**YOUR ASSIGNMENT**: Only the pictures are to be left out; set down the rest of the records exactly.

[[ LISTED ENTRIES, beginning ]]

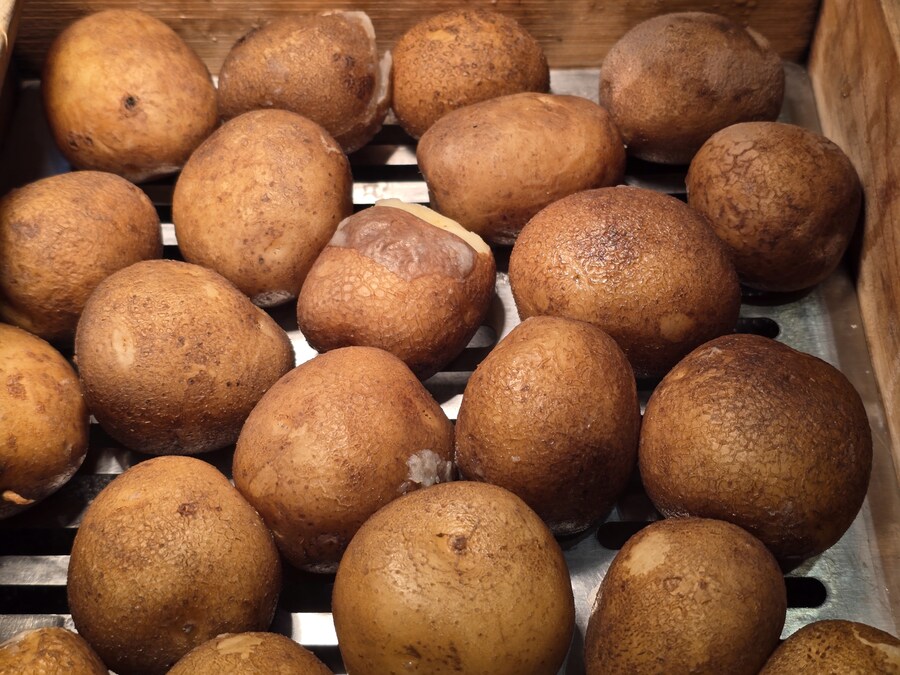 32개월 조카도 함께 한 결혼 40주년 기념 가족 여행_55.jpg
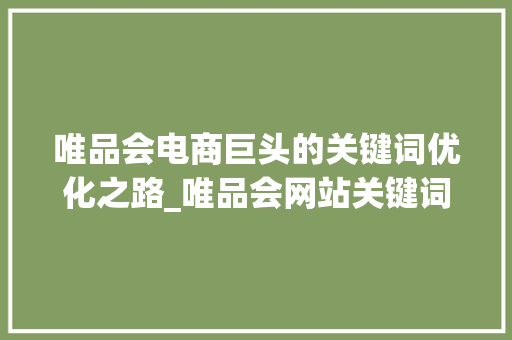 唯品会电商巨头的关键词优化之路_唯品会网站关键词优化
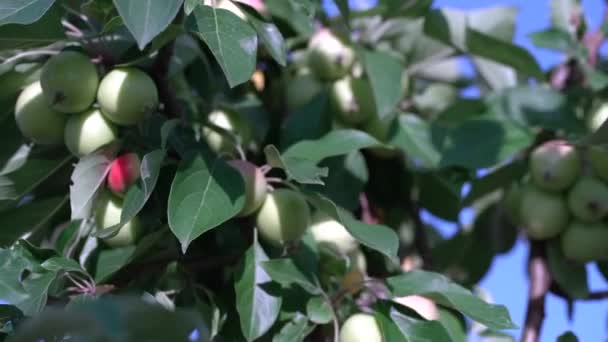 Branches Pommier Contre Ciel Riping Pommes Suspendues Sur Les Branches — Video
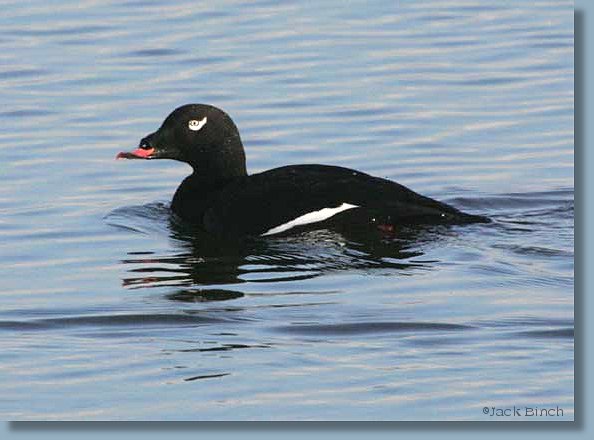 Male Adult White-winged Scoter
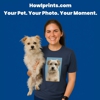 Howl Prints gallery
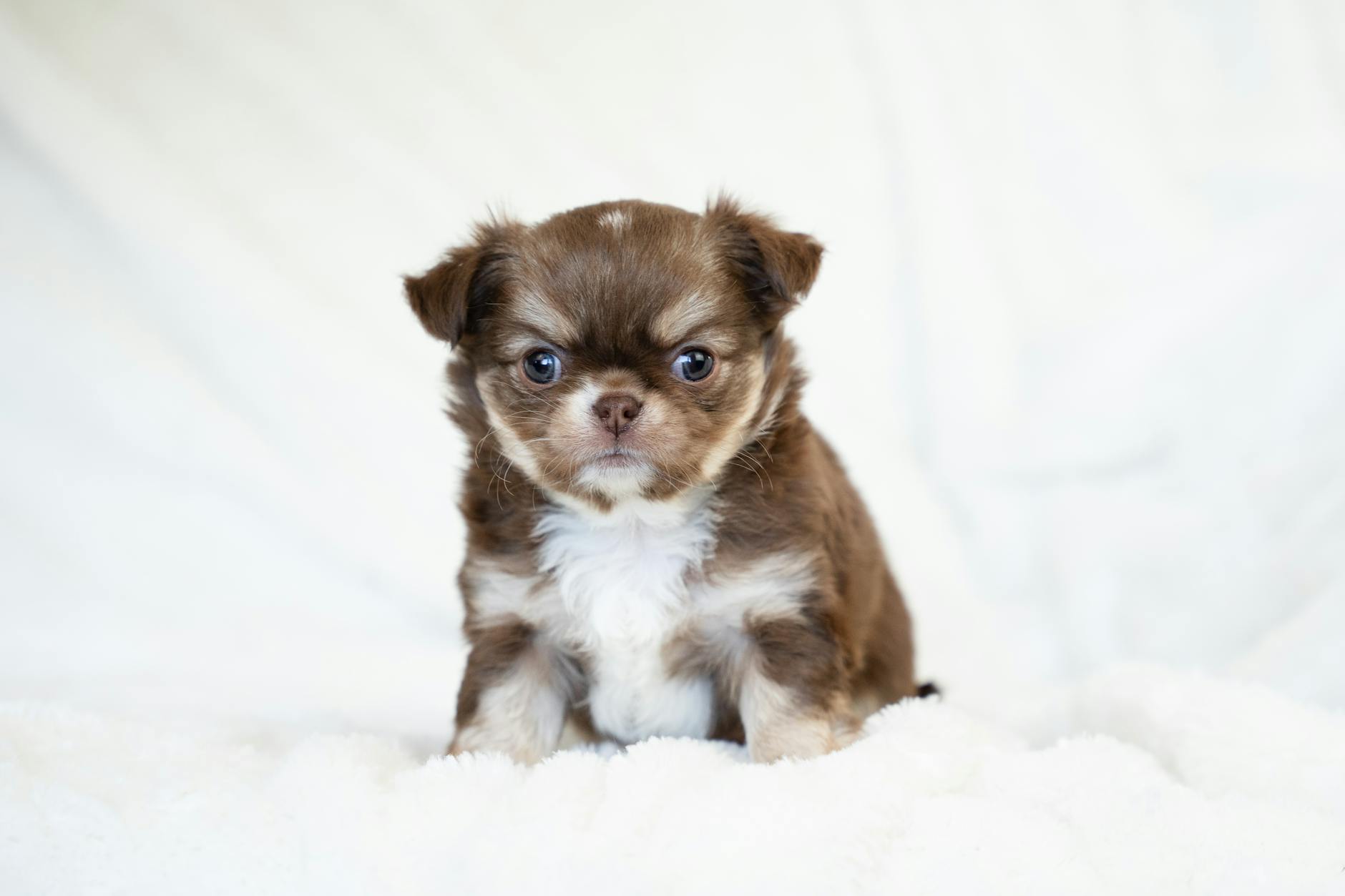 Chihuahua Dog Breed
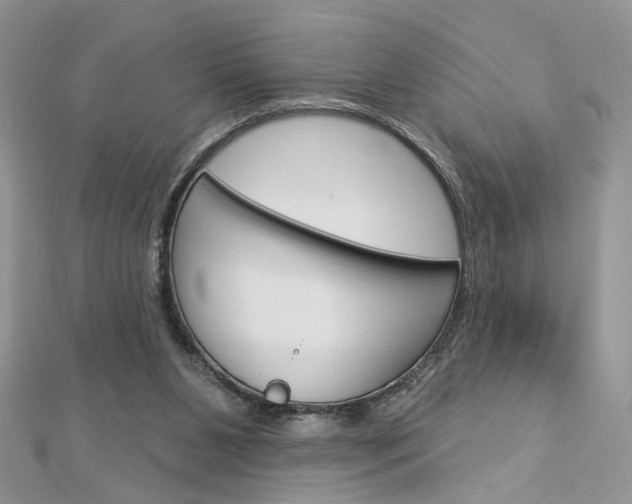 X0000113060111200908280956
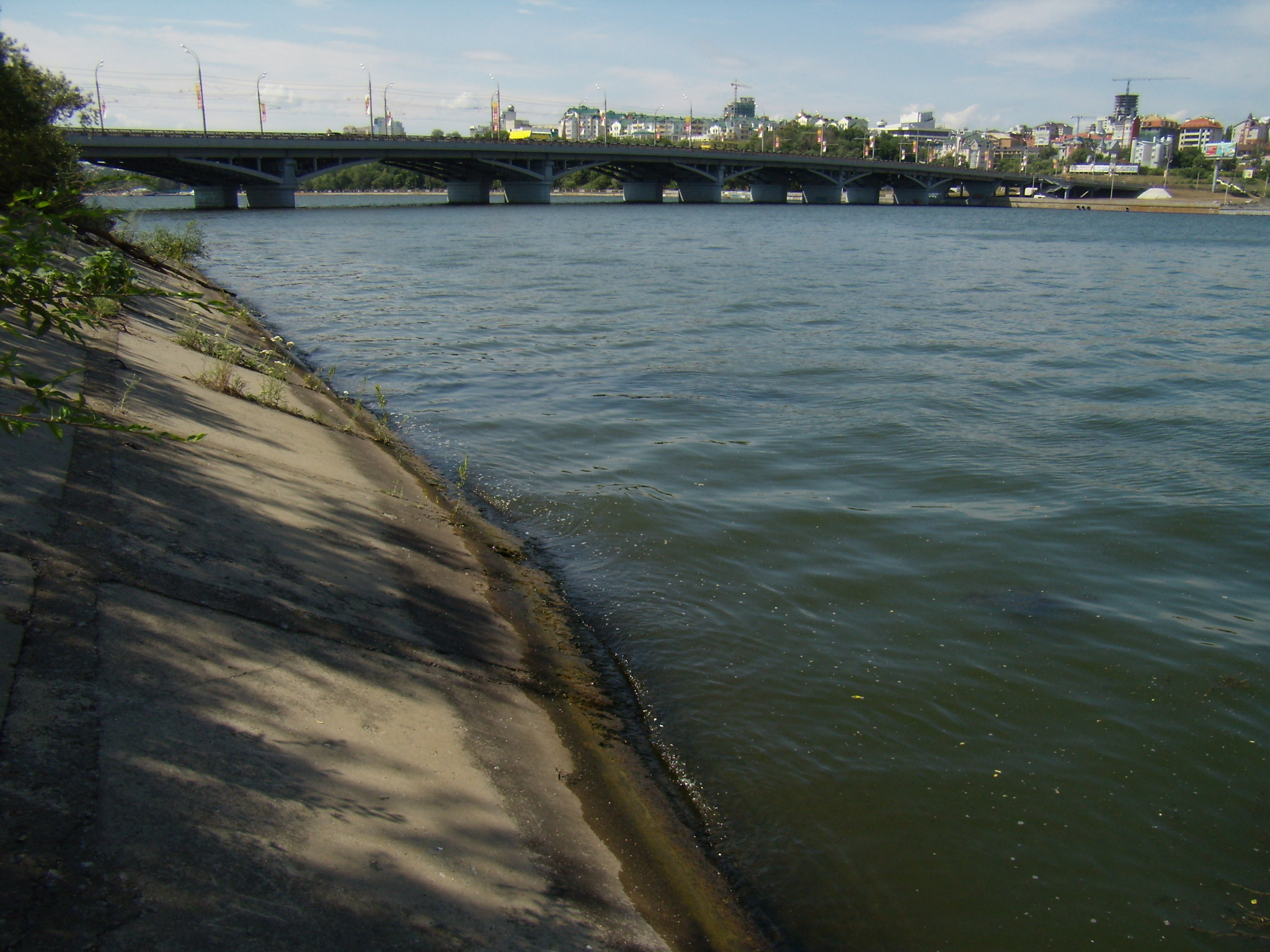 Воронежское море спасут водоросли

[[ LISTED ENTRIES, end ]]

**EXERCISE OUTPUT**:
 32개월 조카도 함께 한 결혼 40주년 기념 가족 여행_55.jpg
 唯品会电商巨头的关键词优化之路_唯品会网站关键词优化
 Branches Pommier Contre Ciel Riping Pommes Suspendues Sur Les Branches — Video
 Male Adult White-winged Scoter
 Howl Prints gallery
 Chihuahua Dog Breed
 X0000113060111200908280956
 Воронежское море спасут водоросли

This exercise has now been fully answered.